(Beginning of Provided data)
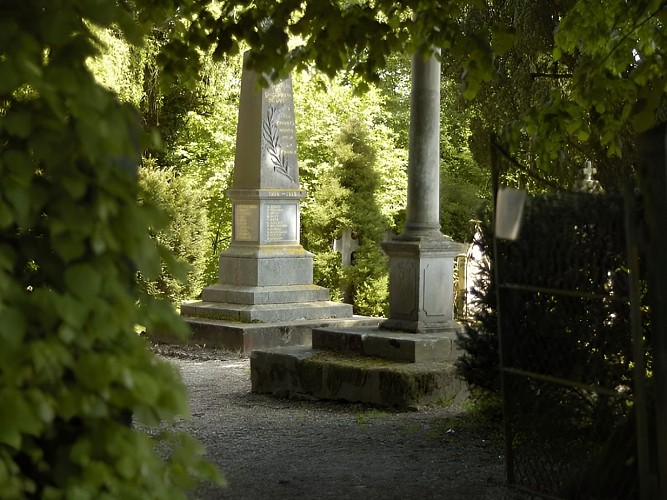 Jardin de l'Abbé Marie à Saint-Germain-de-Livet - photo Julien Boisard (8)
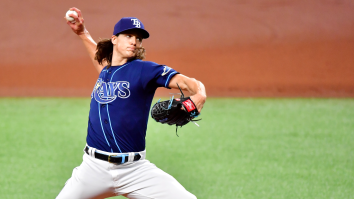 Tyler Glasnow’s Mom Was Not Happy With Him Dropping F-Bombs, Swearing Up A Storm On TV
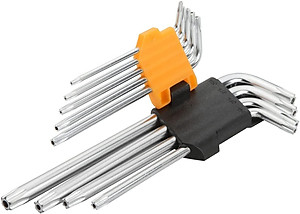 LỤC GIÁC BÔNG BỘ 9 CÂY NGẮN TOLSEN 20056 - HÀNG CHÍNH HÃNG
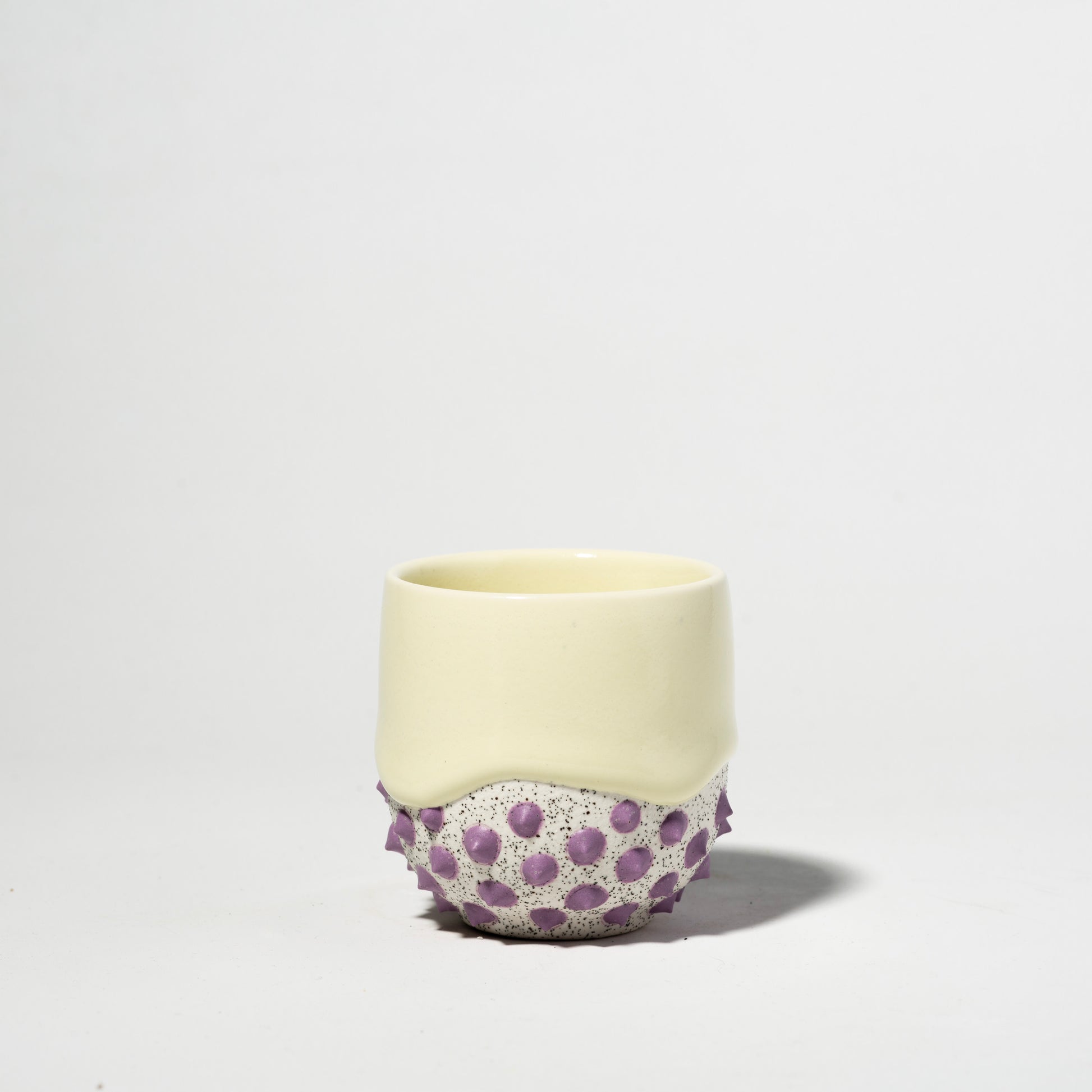 Drippy Pots Hand Glazed Ceramic Mug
(End of Provided data)
Set the material above down again word for word. Include none of its pictures.

Answer box:
 Jardin de l'Abbé Marie à Saint-Germain-de-Livet - photo Julien Boisard (8)
 Tyler Glasnow’s Mom Was Not Happy With Him Dropping F-Bombs, Swearing Up A Storm On TV
 LỤC GIÁC BÔNG BỘ 9 CÂY NGẮN TOLSEN 20056 - HÀNG CHÍNH HÃNG
 Drippy Pots Hand Glazed Ceramic Mug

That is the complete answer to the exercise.